According to AP News, “The North Atlantic island nation, which has a population of about 330,000, wants to eradicate the gender pay gap by 2022.” This is quite a statement given that the wage gap is still a myth to many Americans. A survey conducted by the Harris Poll research center provided data that illustrated a major disconnect in the minds of many individuals who the pay gap doesn’t necessarily affect. This survey found that 82 percent of the working men think that there is no wage gap in their field of work. The study also found that “only 20 percent of females believe they will reach a six-figure salary during their careers, while nearly twice as many men (44 percent) expect to eventually earn annual salaries of more than six figures.”

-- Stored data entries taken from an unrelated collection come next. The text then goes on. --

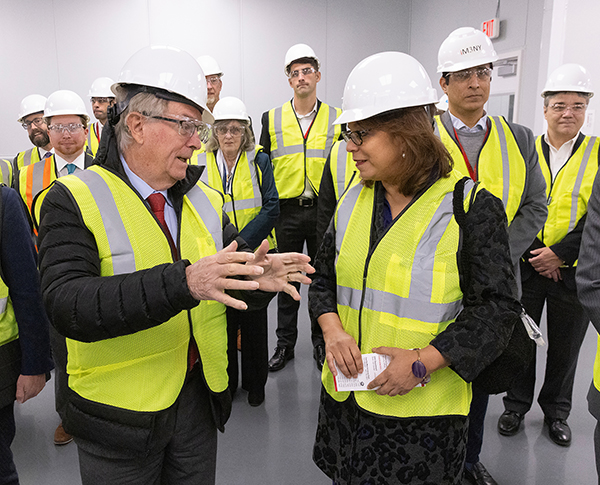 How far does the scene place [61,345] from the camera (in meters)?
1.36

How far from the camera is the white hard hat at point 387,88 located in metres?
1.31

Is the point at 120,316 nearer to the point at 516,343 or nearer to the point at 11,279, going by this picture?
the point at 11,279

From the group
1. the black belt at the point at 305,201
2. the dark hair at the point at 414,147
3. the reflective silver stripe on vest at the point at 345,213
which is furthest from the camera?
the black belt at the point at 305,201

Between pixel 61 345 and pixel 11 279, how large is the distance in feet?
1.24

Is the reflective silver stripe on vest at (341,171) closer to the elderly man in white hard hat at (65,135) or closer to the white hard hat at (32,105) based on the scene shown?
the elderly man in white hard hat at (65,135)

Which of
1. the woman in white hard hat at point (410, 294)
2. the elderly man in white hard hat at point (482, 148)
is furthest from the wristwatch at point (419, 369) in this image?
the elderly man in white hard hat at point (482, 148)

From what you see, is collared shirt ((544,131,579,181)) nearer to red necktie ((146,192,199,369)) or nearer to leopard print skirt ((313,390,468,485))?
leopard print skirt ((313,390,468,485))

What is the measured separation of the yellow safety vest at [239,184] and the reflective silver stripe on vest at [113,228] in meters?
1.74

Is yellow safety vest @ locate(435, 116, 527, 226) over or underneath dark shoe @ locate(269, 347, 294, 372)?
over

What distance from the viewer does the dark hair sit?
132 cm

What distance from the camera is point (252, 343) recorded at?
2.90 metres

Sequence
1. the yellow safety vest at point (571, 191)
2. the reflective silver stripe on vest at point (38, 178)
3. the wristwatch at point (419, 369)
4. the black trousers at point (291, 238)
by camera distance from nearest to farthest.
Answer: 1. the wristwatch at point (419, 369)
2. the yellow safety vest at point (571, 191)
3. the reflective silver stripe on vest at point (38, 178)
4. the black trousers at point (291, 238)

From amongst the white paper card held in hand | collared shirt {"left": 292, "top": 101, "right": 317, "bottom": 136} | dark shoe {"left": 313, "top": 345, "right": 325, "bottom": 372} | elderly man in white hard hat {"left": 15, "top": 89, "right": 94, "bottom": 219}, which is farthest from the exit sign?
the white paper card held in hand

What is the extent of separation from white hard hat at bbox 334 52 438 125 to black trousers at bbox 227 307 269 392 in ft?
5.84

So the fact that Iceland not only seems to accept the reality of this issue but has actually started the process of legislation to eradicate the gender wage gap proves that they are two major steps ahead of the United States. But this legislation didn’t just spring into existence — it was galvanized by protests that took place in major cities like Reykjavik, where throngs of women protested the gender wage gap.
In an interview with Liz Alderman of The New York Times, Thorsteinn Viglundsson, Iceland’s Social Affairs and Equality minister explained, “We want to break down the last of the gender barriers in the workplace. History has shown that if you want progress, you need to enforce it.” She also discusses the role of Nordic countries in leading the fight for equality, meeting gender quotas and allowing for generous parental leave. This is a fight that is more important now than ever, especially with the recent leadership choices of the United States in regards to human rights.

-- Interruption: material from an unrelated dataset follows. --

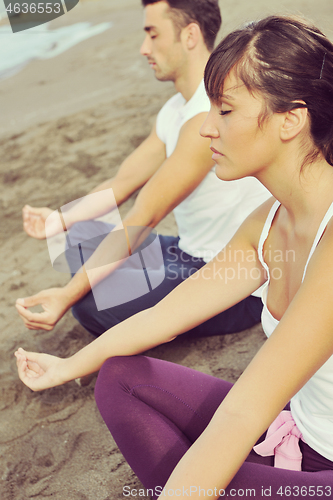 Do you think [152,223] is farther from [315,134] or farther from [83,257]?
[315,134]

Alderman writes, “The new rules would require the biggest companies and government agencies to undergo audits, starting in 2018, and to obtain a certification of compliance with equal pay rules. Businesses with over 25 employees must comply by 2022. Employers must assess every job, from cleaner to senior executive, to identify and fix wage gaps of more than 5 percent.”
Now that Iceland has directed its energy and resources into closing a gender wage gap that many people do not believe exists within the United States, let’s take a look at the ways in which this disbelief has been challenged in the past decade or so. The Equal Pay Act of 1963 was signed into effect with the intention to “prohibit discrimination on account of sex in the payment of wages by employers engaged in commerce or in the production of goods for commerce.” So that should have been the end of it, right?
Yet, while in Iceland, according to The New York Times article, women are paid 17 to 18 percent less than men, in America, women consistently look at a 20 percent wage gap, even with this legislation in place. Based off information available on the American Association of University Women’s Website, a leading voice for women’s equity, “The gap has narrowed since the 1970s, due largely to women’s progress in education and workforce participation and to men’s wages rising at a slower rate. Still, the pay gap does not appear likely to go away on its own. At the rate of change between 1960 and 2015, women are expected to reach pay equity with men in 2059.”
While March 8 was a huge step in the right direction for Iceland, it would be in the best interest for all countries to take a serious look at how closely their legislation is being followed when it comes to hardworking women and a very real gender pay gap. Perhaps the first step is educating people on what can be done to eradicate the gap — though quite honestly it is astonishing that in the past 54 years women have still not been able to get equal pay for the same work as men. So yes, there’s a lot to fix, but maybe America will lead by example and actually pay its citizens equally for a job well done. If not, Iceland may not be such a bad place to consider employment.